■ **WHAT IS BEING ASKED**: Each line below from the line with "Tessuti Paper Sewing" to the line with "DJCC-3195萝卜干炒腊肉" must be copied exactly, including those two, and no picture may appear in the copy.

■ **DATA EXTRACT**:
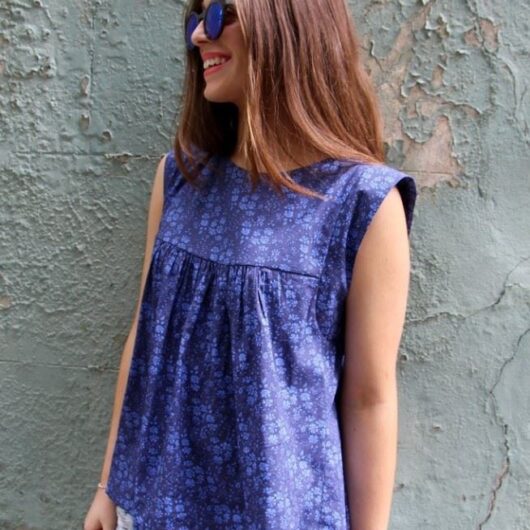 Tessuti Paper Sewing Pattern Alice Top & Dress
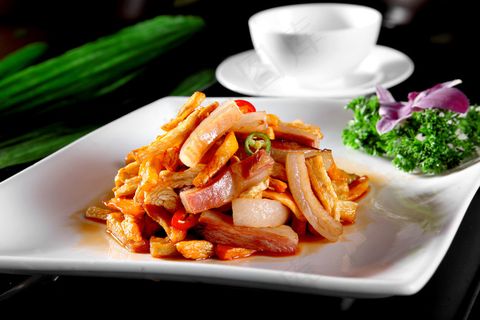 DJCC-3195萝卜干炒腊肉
--
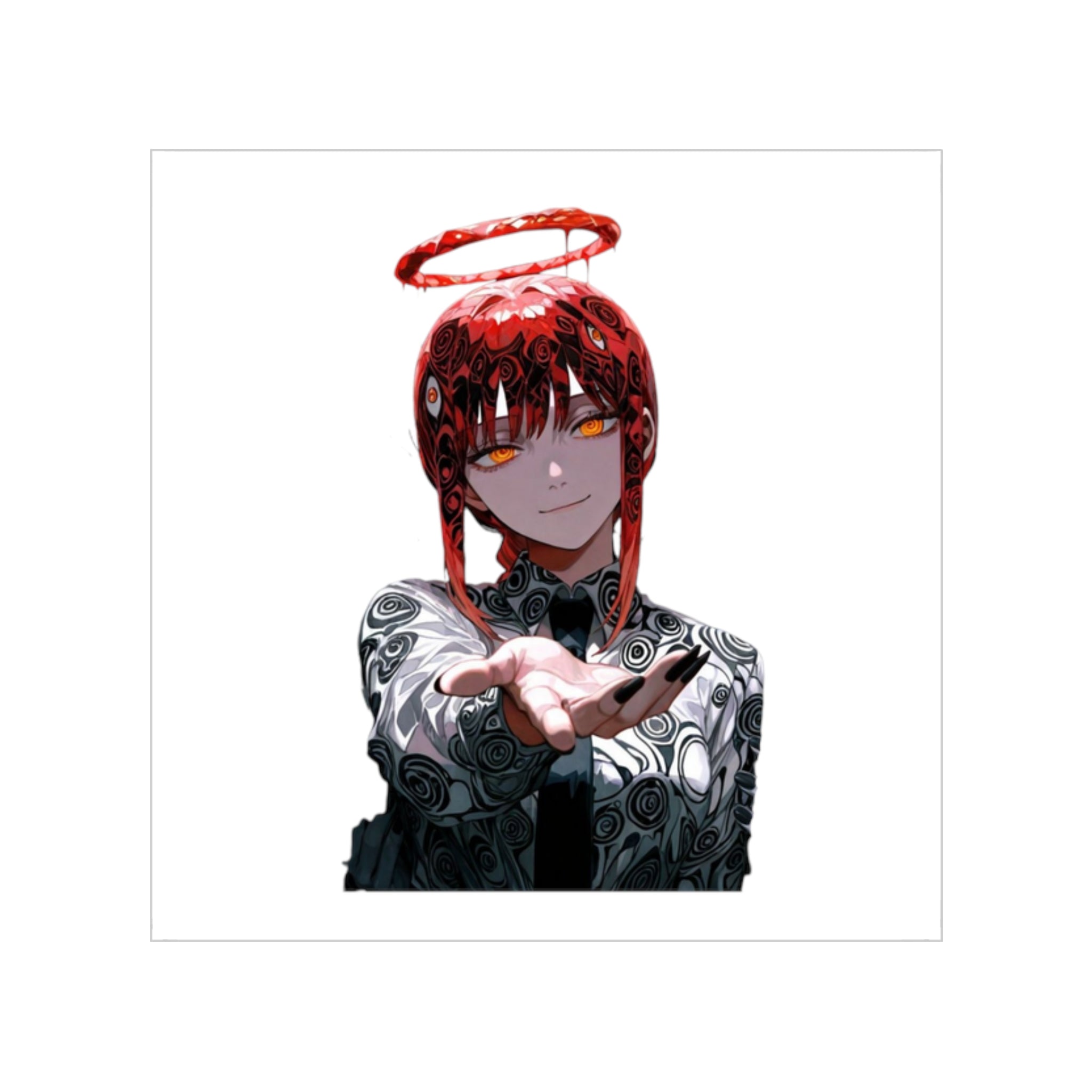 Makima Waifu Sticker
...
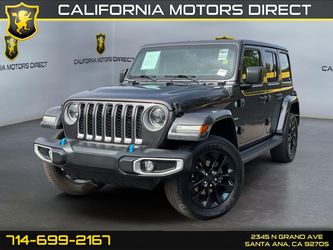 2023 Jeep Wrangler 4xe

■ **EXERCISE RESULT**:
 Tessuti Paper Sewing Pattern Alice Top & Dress
 DJCC-3195萝卜干炒腊肉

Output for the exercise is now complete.